▶ [Activity]: Lines from the one containing "Jordan x Nina" through the end of the listing are what is wanted, given again exactly with both ends included and pictures left out.
○ ○ ○ ○ ○ ○ ○
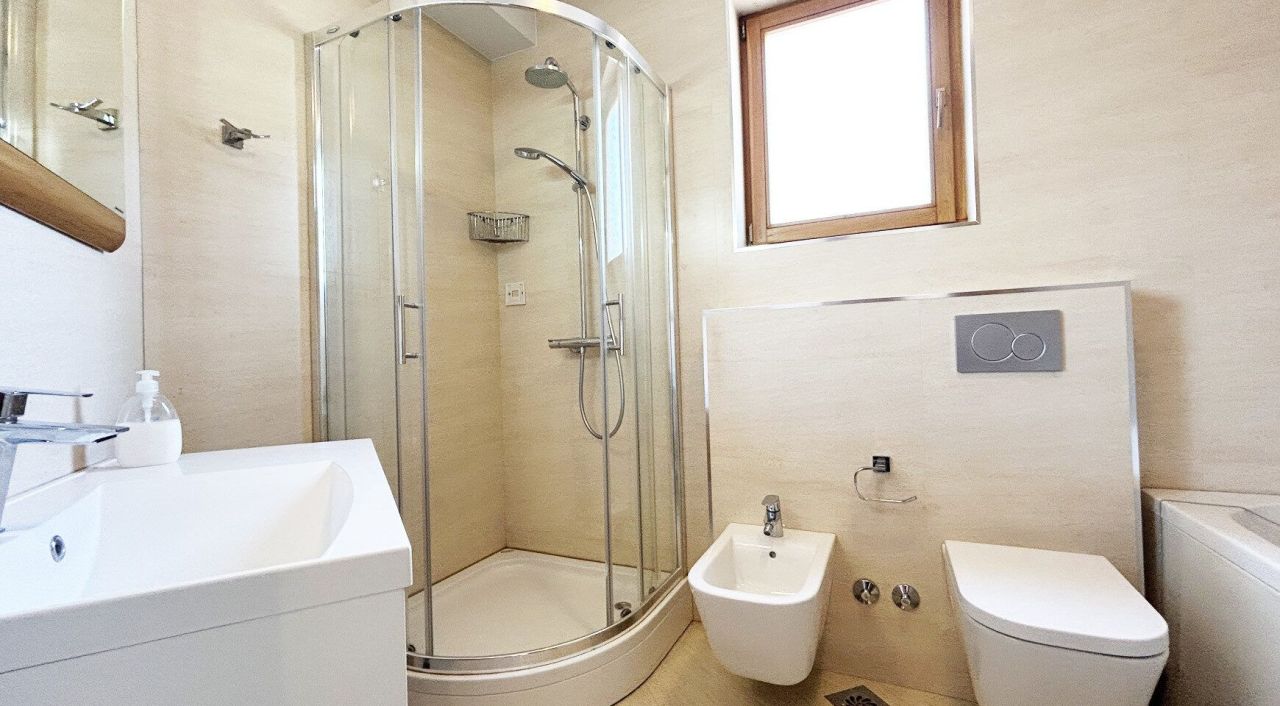 Апартаменты в Доброте, Черногория, 106 м² - фото 13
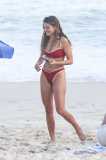 Bruna Marquezine e irmã aproveitam dia na praia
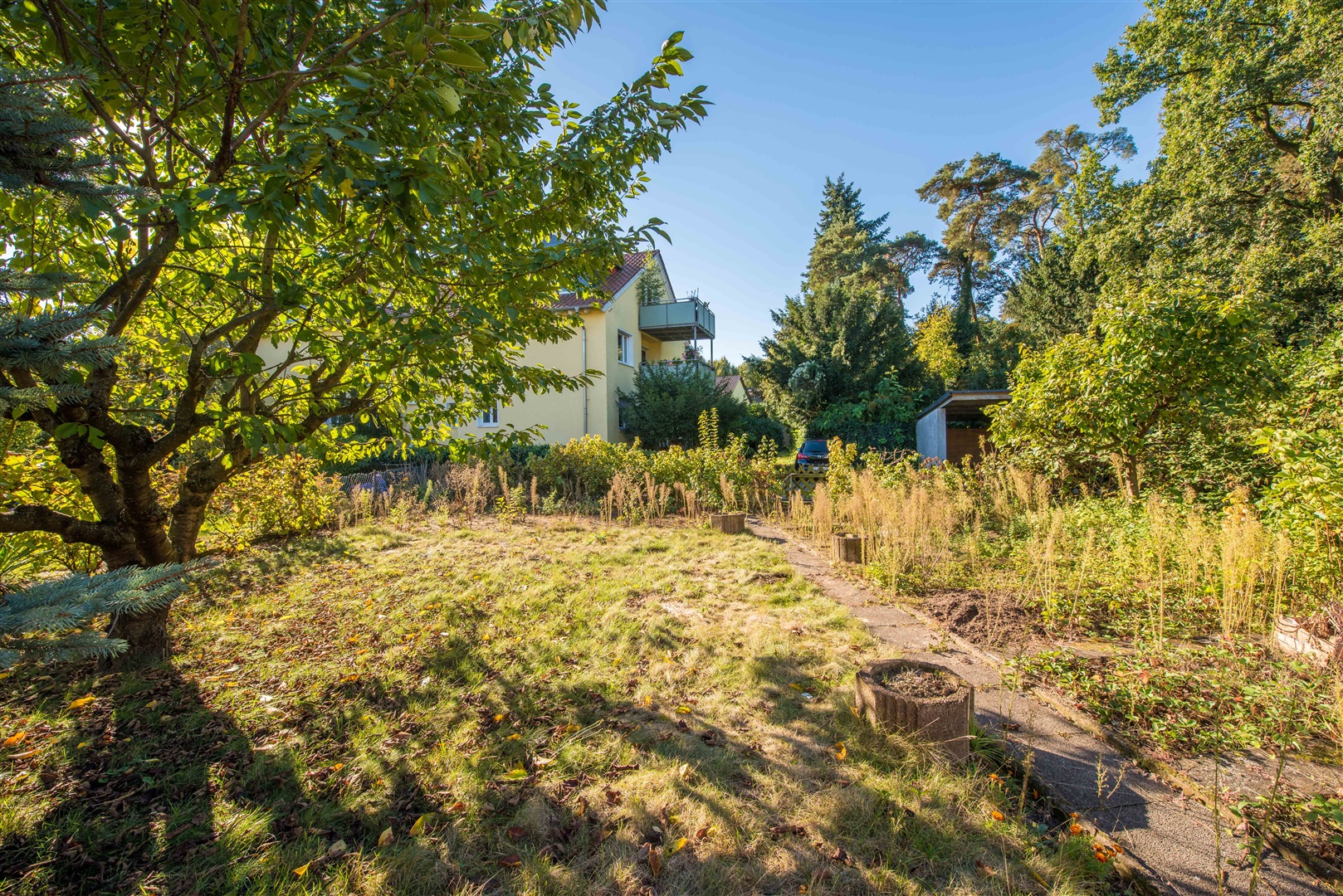 Blick von der Südterrasse auf den Garten. - Oliver Reifferscheid - Immobilienmakler Darmstadt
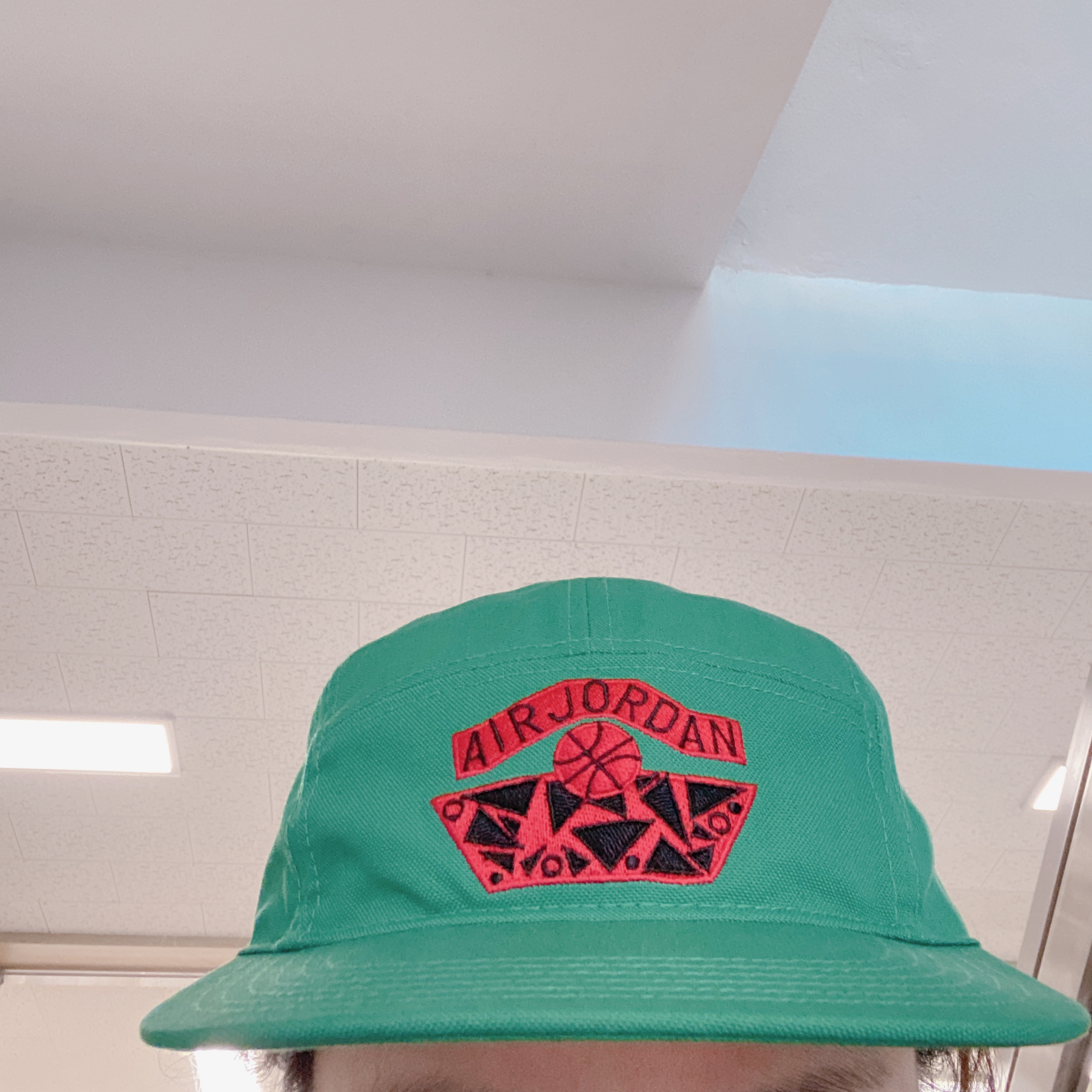 Jordan x Nina Chanel Abney AW84 Adjustable Hat Green 착용 스타일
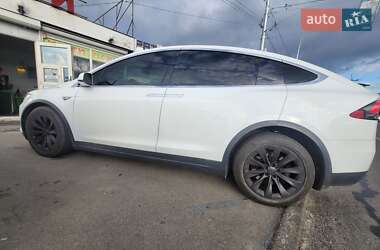 Внедорожник / Кроссовер Tesla Model X 2016 в 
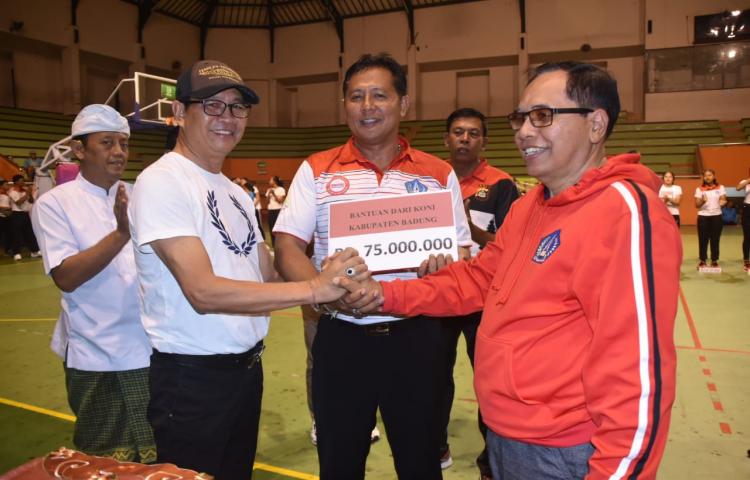 Wabup Suiasa Buka Kejuaraan Bola Voli Mangupura Cup ke X Tahun 2019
○ ○ ○ ○ ○ ○ ○
▶ [Output]:
 Jordan x Nina Chanel Abney AW84 Adjustable Hat Green 착용 스타일
 Внедорожник / Кроссовер Tesla Model X 2016 в 
 Wabup Suiasa Buka Kejuaraan Bola Voli Mangupura Cup ke X Tahun 2019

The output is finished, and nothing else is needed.